#### Information supplied
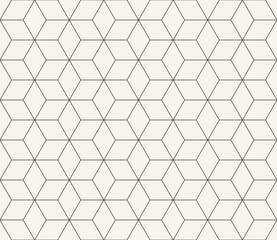 Vector seamless pattern. Repeating geometric elements. Stylish monochrome background design.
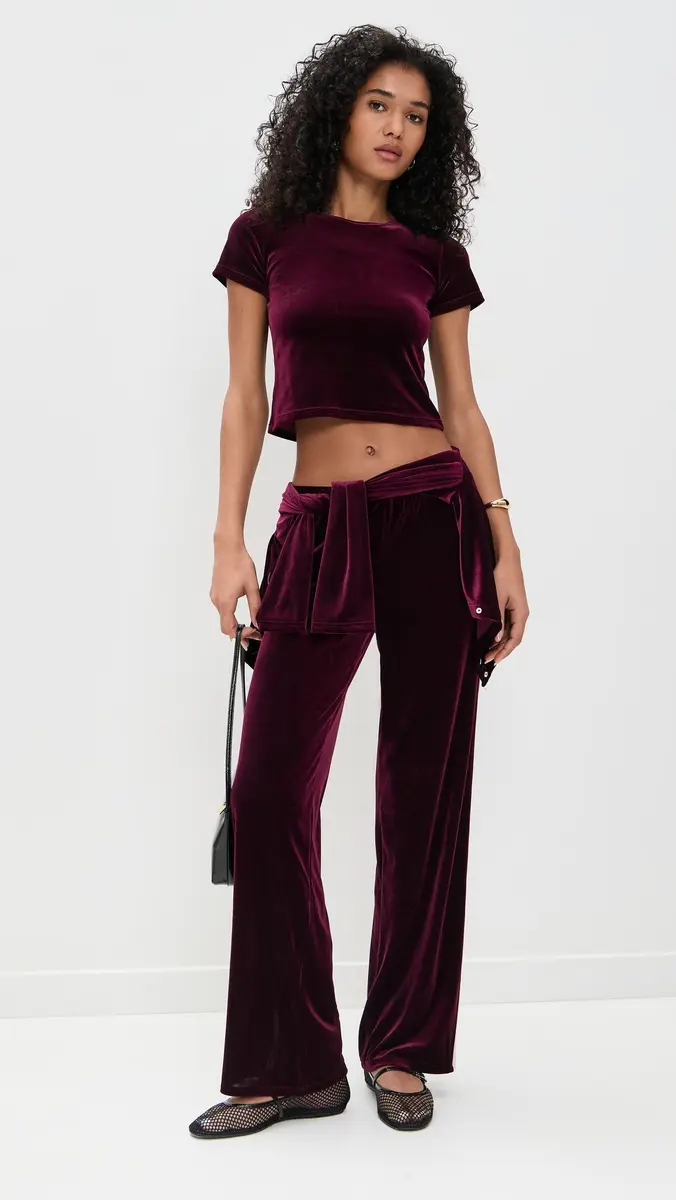 LE BOP Paige Velvet Pants | Thumbnail 5 LE BOP Paige Velvet Pants | Thumbnail 5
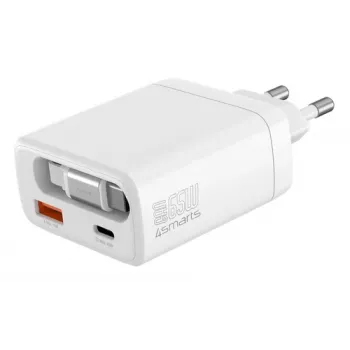 4smarts PDPlug Slim 65W GaN Jojo väggladdare, vit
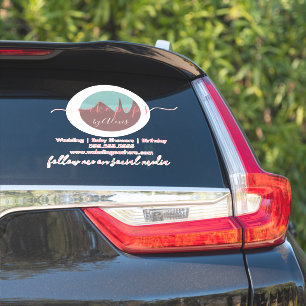Cake Pop Logo Bakery Business Car  Sticker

#### What the task requires
Omit every picture while copying the listing above exactly.

#### Answer box
 Vector seamless pattern. Repeating geometric elements. Stylish monochrome background design.
 LE BOP Paige Velvet Pants | Thumbnail 5 LE BOP Paige Velvet Pants | Thumbnail 5
 4smarts PDPlug Slim 65W GaN Jojo väggladdare, vit
Cake Pop Logo Bakery Business Car  Sticker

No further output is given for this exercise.